PROBLEM TO WORK ON
Only an exact copy of the lines from the one containing "2.8米高的巨大冰塊閃現(xiàn)在這家咖啡快閃店活動，炎熱夏天太提神了" through the last line of the material below belongs in the answer, with no pictures.

· · · · ·

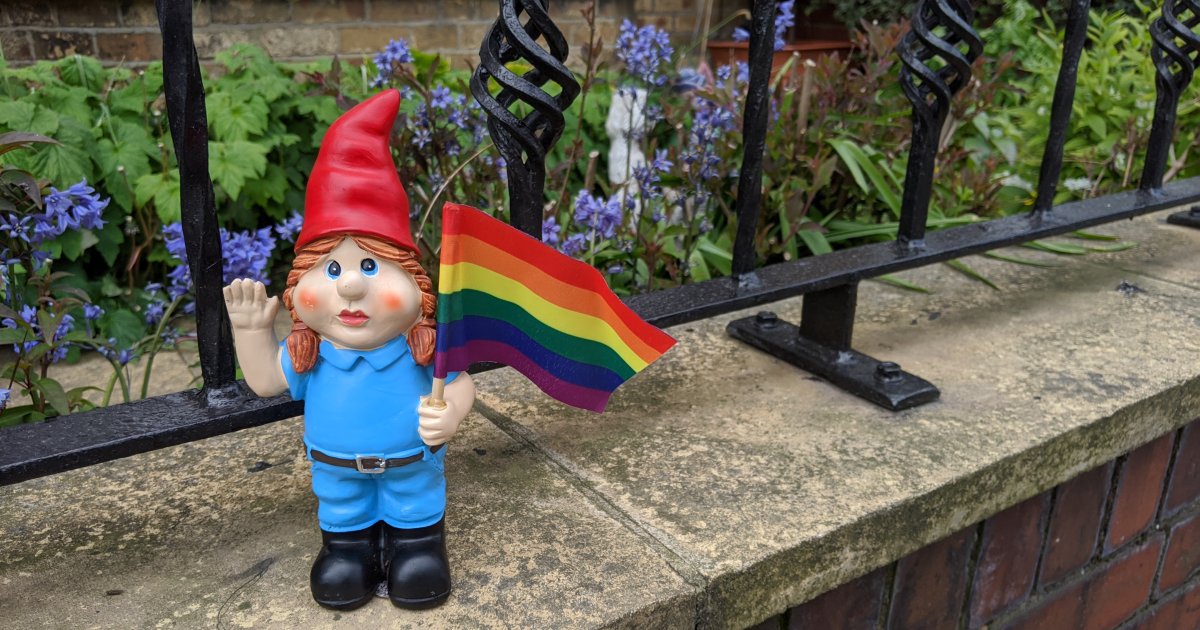 Hassdelikt-Polizei-ermittelt-Belfast-Postbote-nach-Regenbogenwichtel-Angriff-entlassen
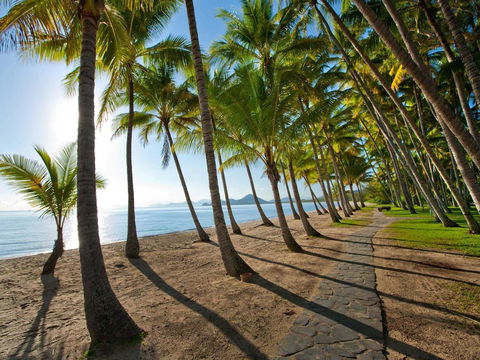 Palm Cove Beach Apartment - NT Tourism 29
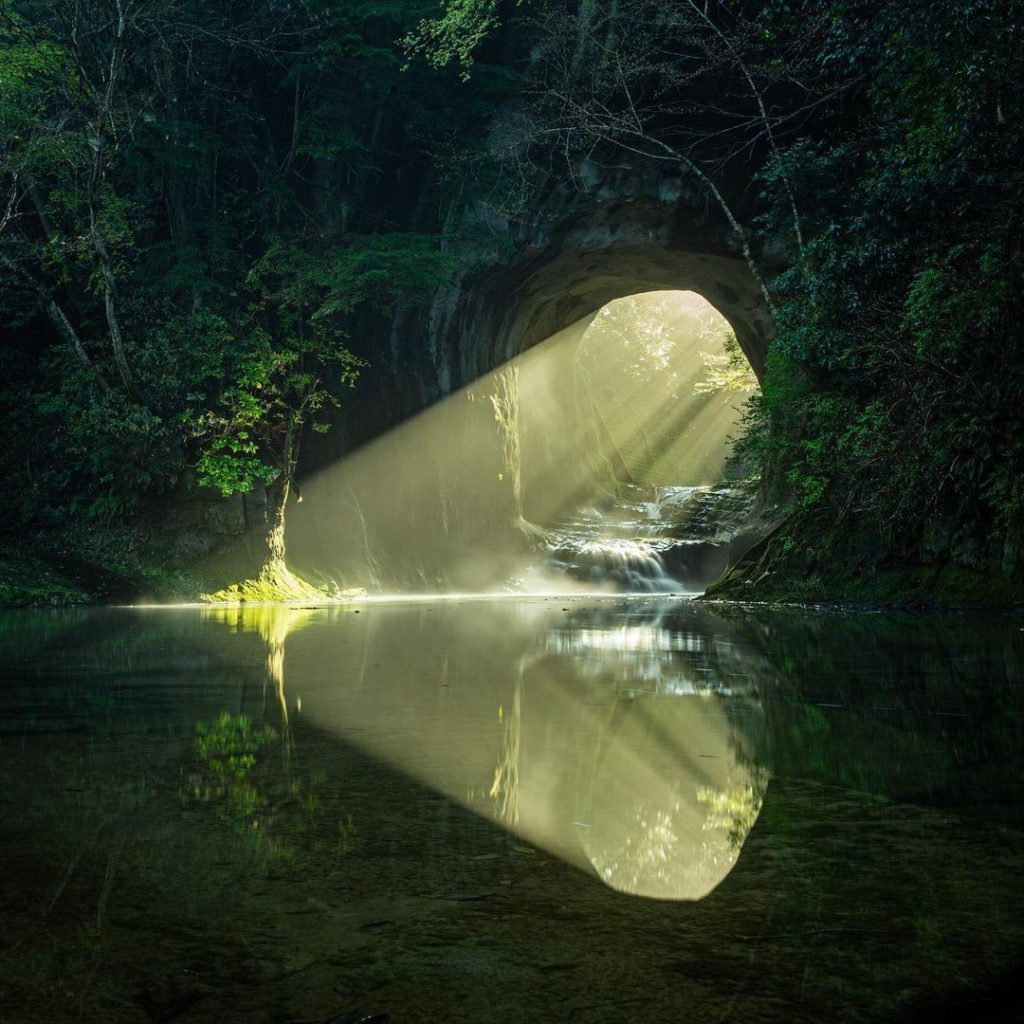 Visit Japan: Where does your heart lie?
The magic atmosphere inside Kameiwa Cave, Chiba Prefe… Where does your heart lie?
The magic atmosphere inside Kameiwa Cave, Chiba Prefe...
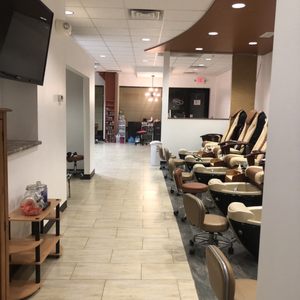 LIV AVEDA SALON & SPA - Updated October 2024 - 25 Reviews - 1839 Adams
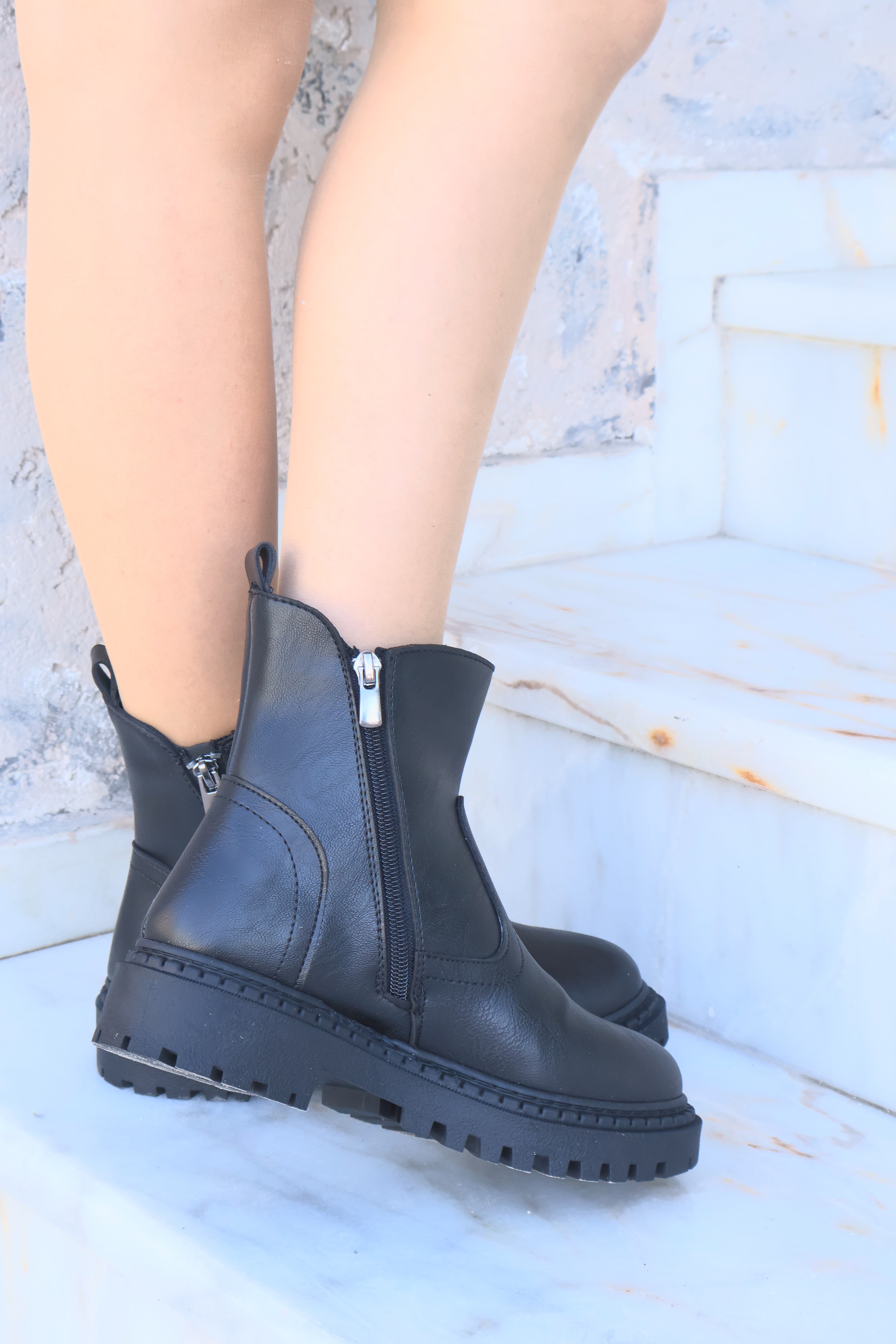 Castle Siyah Cilt Fermuar Detay Bot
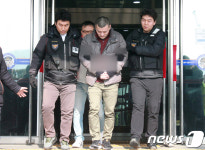 현장검증 위해 용인동부서 나서는 김성관씨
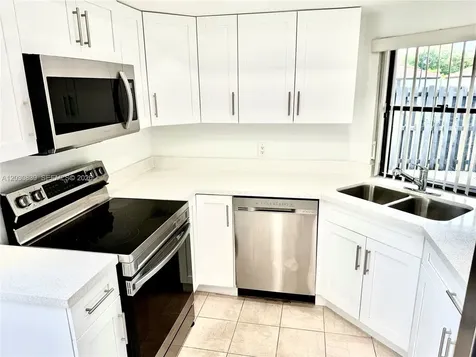 15065 SW 49th Lane Miami FL 33185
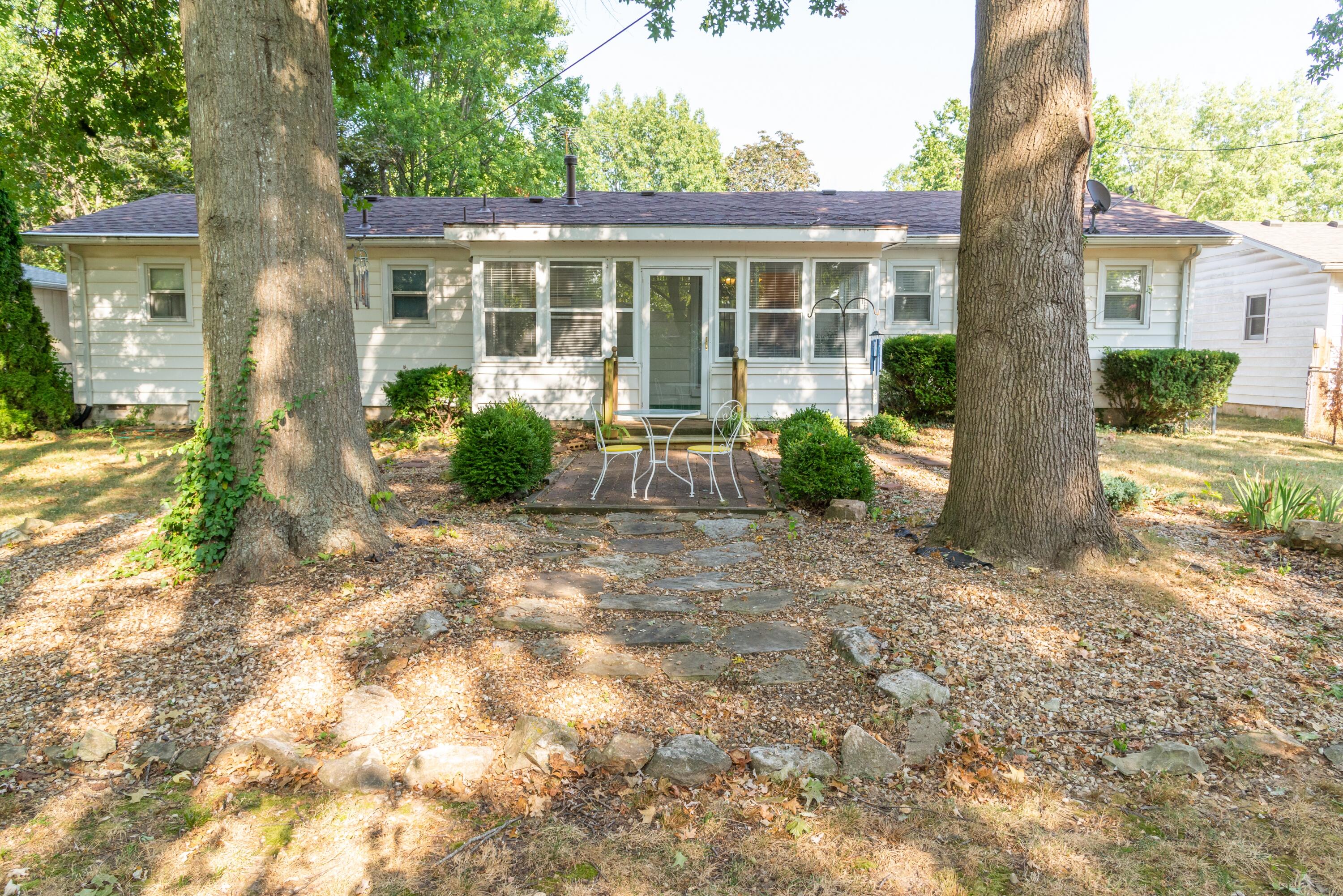 1517 South John Avenue Property Photo 53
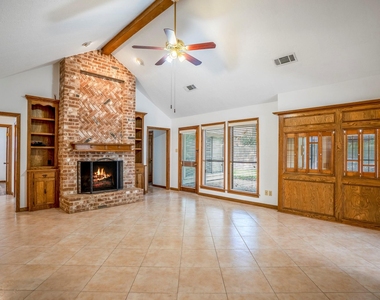 38 Devonshire Drive - Photo Thumbnail 10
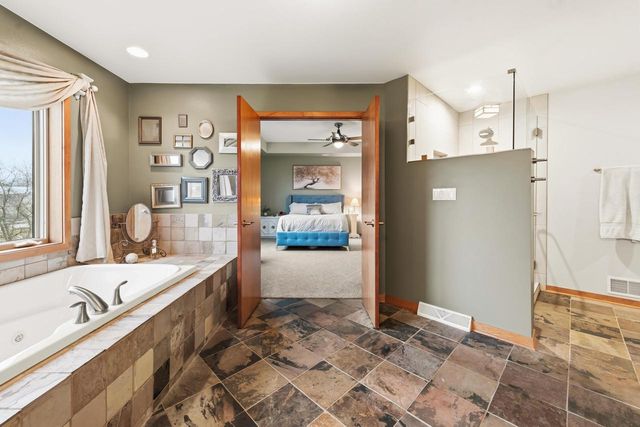 W360N7572 Thomas DRIVE, Oconomowoc, WI 53066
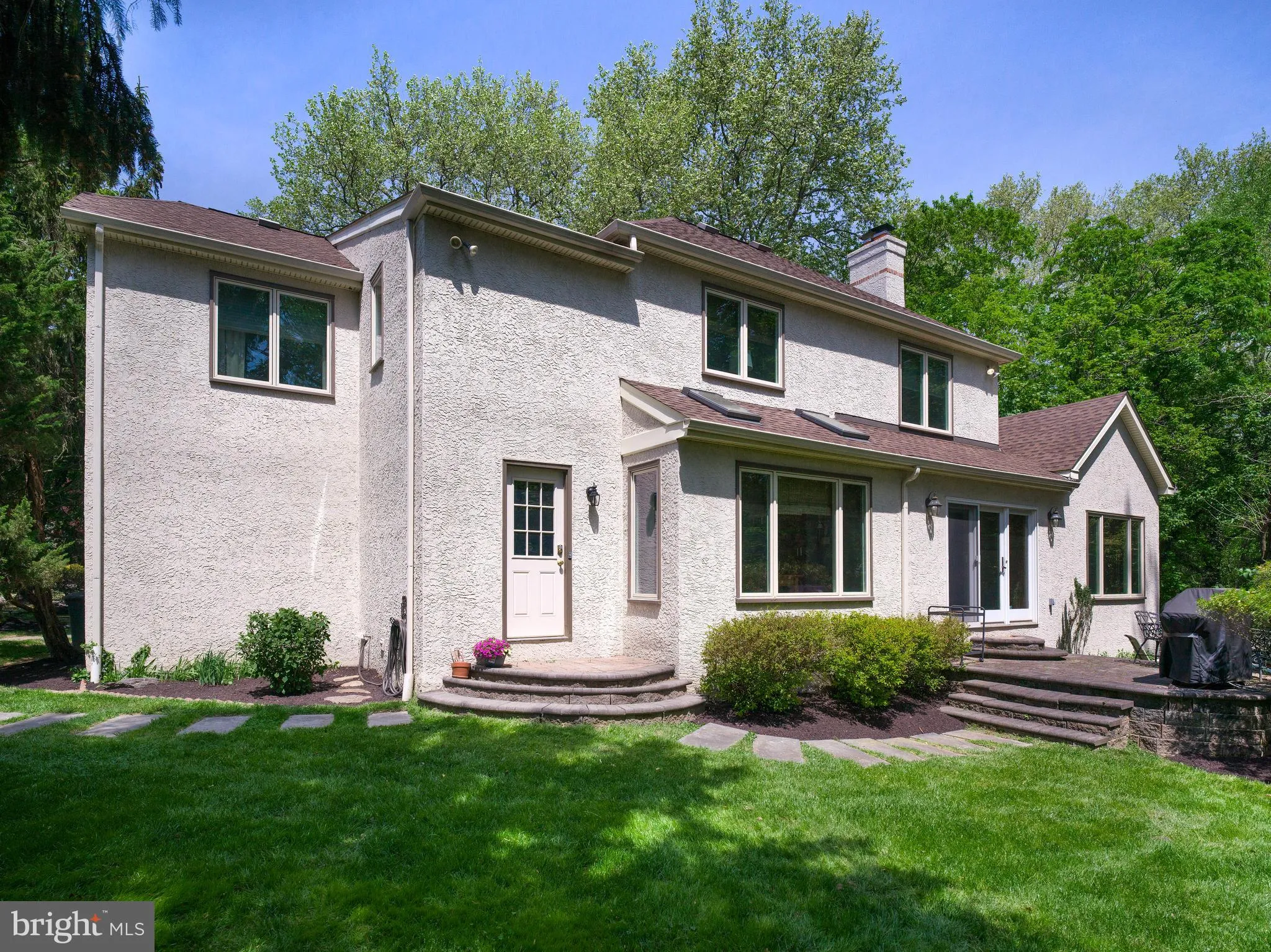 Wynnewood, Pennsylvania 19096, United States, 5 Bedrooms Bedrooms, ,4 BathroomsBathrooms,Residential,Pending,123087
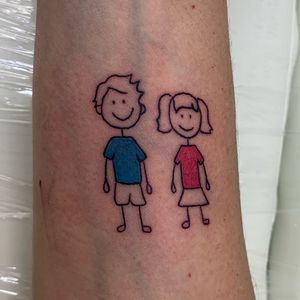 Bonequinhos palito tatuagem  Tatuagem boneco de palito, Tatuagem com  iniciais, Boas ideias para tatuagem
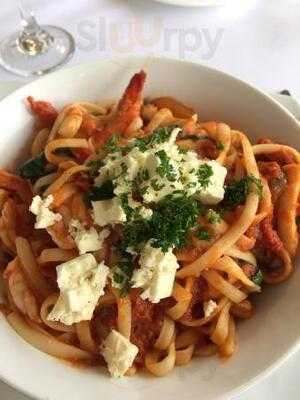 Salty's On The Hastings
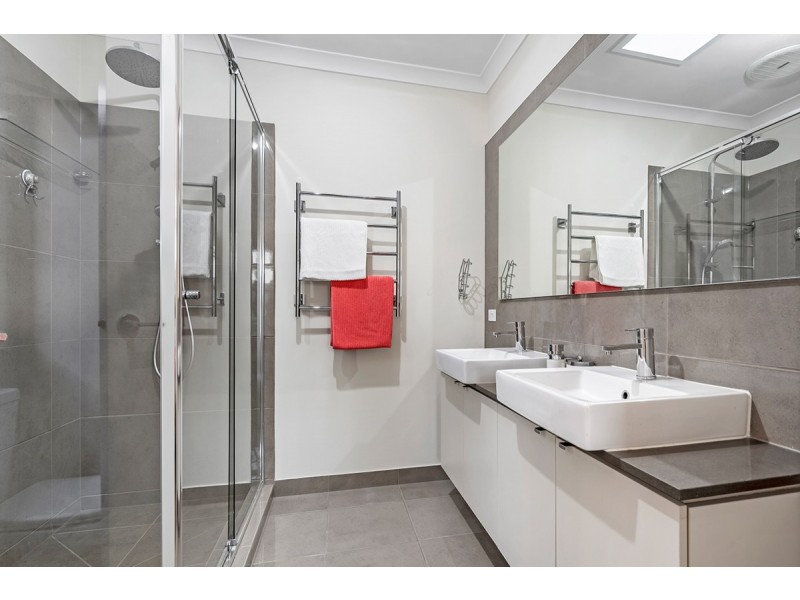 4 Gift Road, Craigieburn VIC 3064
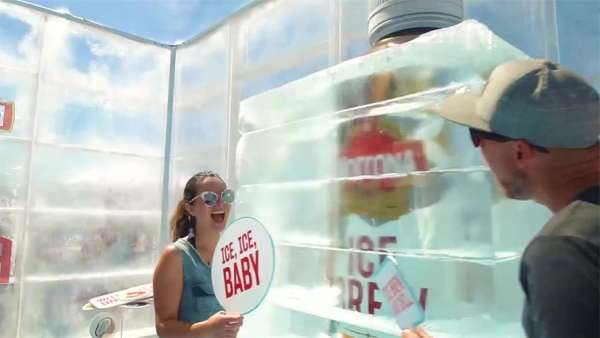 2.8米高的巨大冰塊閃現(xiàn)在這家咖啡快閃店活動，炎熱夏天太提神了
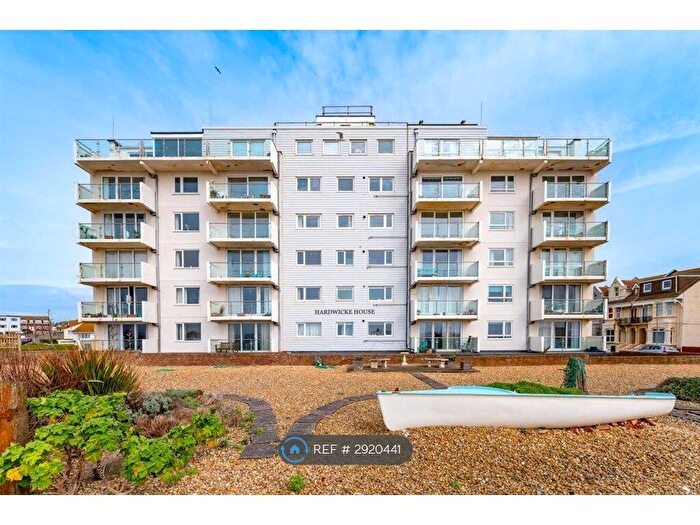 2 Bedroom Flat To Rent In Hardwicke House, Seaford, BN25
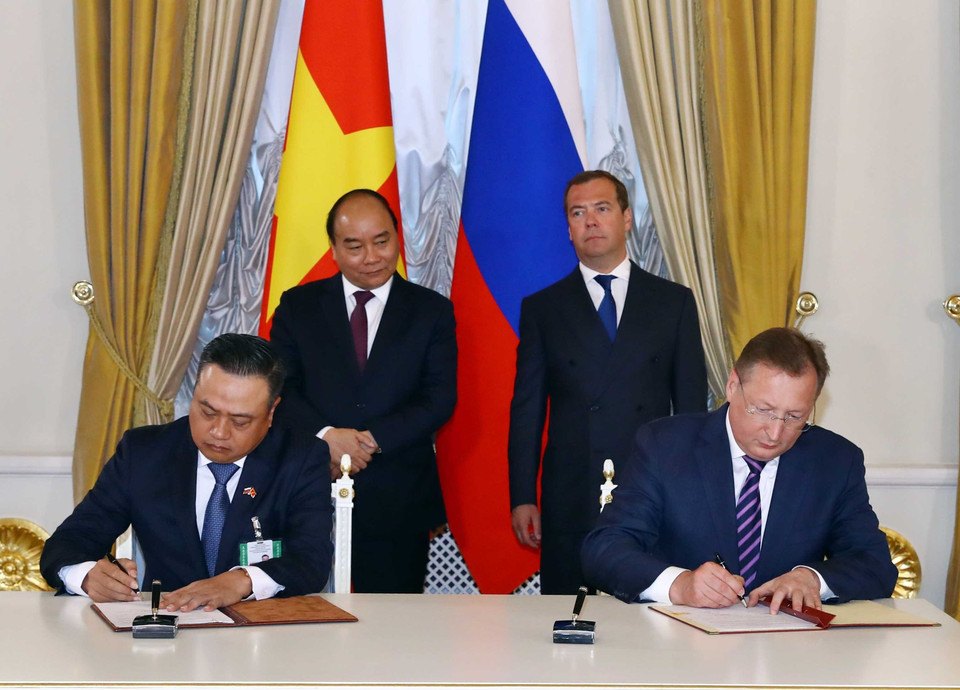 越南政府总理阮春福同俄罗斯总理梅德韦杰夫共同见证两国合作协议签字仪式。图自越通社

· · · · ·

ANSWER TO THIS TASK
 2.8米高的巨大冰塊閃現(xiàn)在這家咖啡快閃店活動，炎熱夏天太提神了
 2 Bedroom Flat To Rent In Hardwicke House, Seaford, BN25
 越南政府总理阮春福同俄罗斯总理梅德韦杰夫共同见证两国合作协议签字仪式。图自越通社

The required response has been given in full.